Antaeotricha praecisa

Scientific classification
- Kingdom: Animalia
- Phylum: Arthropoda
- Class: Insecta
- Order: Lepidoptera
- Family: Depressariidae
- Genus: Antaeotricha
- Species: A. praecisa
- Binomial name: Antaeotricha praecisa Meyrick, 1912

= Antaeotricha praecisa =

- Authority: Meyrick, 1912

Species of moth

Antaeotricha praecisa is a moth of the family Depressariidae. It is found in Brazil (Rio de Janeiro, São Paulo).

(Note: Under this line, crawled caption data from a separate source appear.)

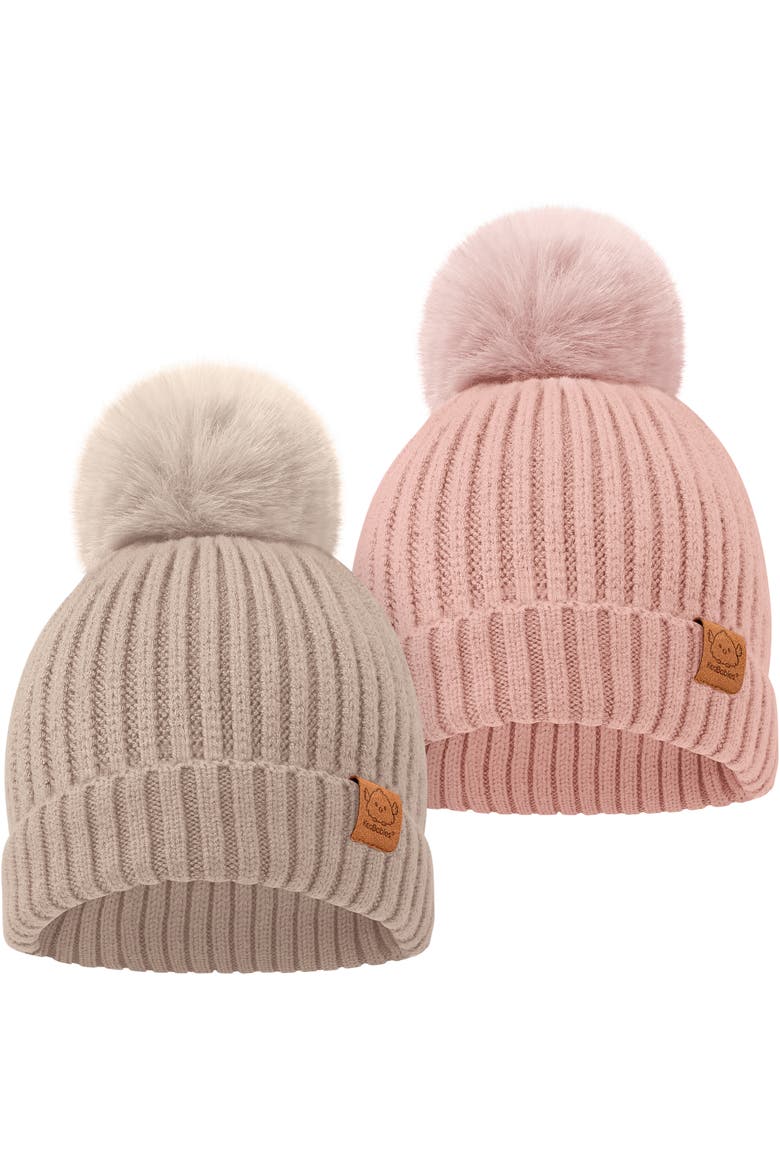 2-Pack Pom Knitted Beanie, Main, color, Fawn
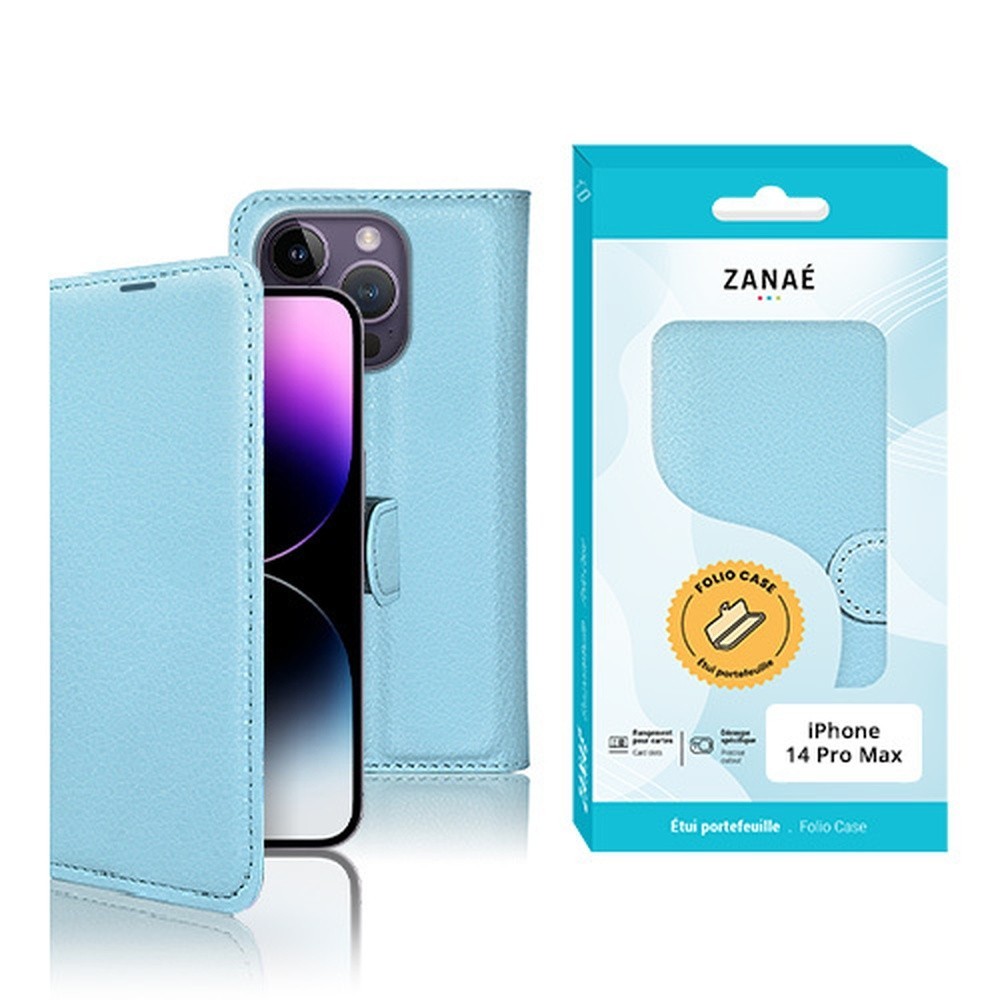Étui Portefeuille Zanae Bleu Clair pour iPhone 14 Pro Max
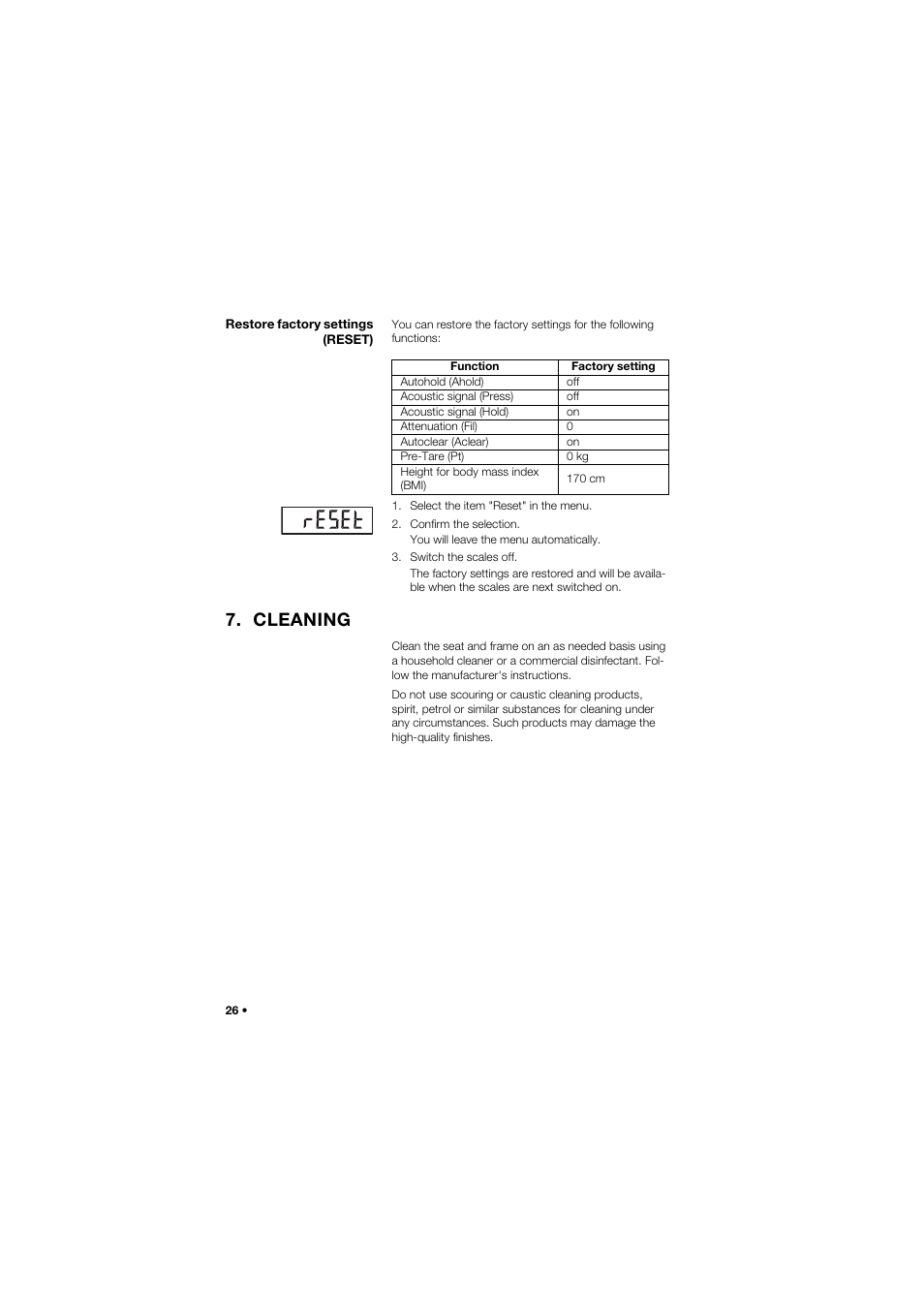 Restore factory settings (reset), Cleaning | Seca 955 User Manual | Page 26 / 35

The wingspan is 20–25 mm. The forewings have a dark fuscous patch with purplish-leaden reflections and are irregularly mixed with blackish extending from the base of the costa along the dorsum to two-thirds, reaching two-thirds across the wing and posteriorly truncate, the angle edged with black. There are two irregular transverse fuscous shades beyond this, the first with the costal extremity obsolete or represented by a cloudy dot beneath the middle of the costa, the second sometimes reaching the costa at three-fourths. A third shade is indicated by a tornal mark and a small black costal spot. The hindwings are whitish-grey, in males with a subcostal pencil of long whitish hairs reaching from the base to the middle. The costal edge in males with a projection of grey scales before the middle.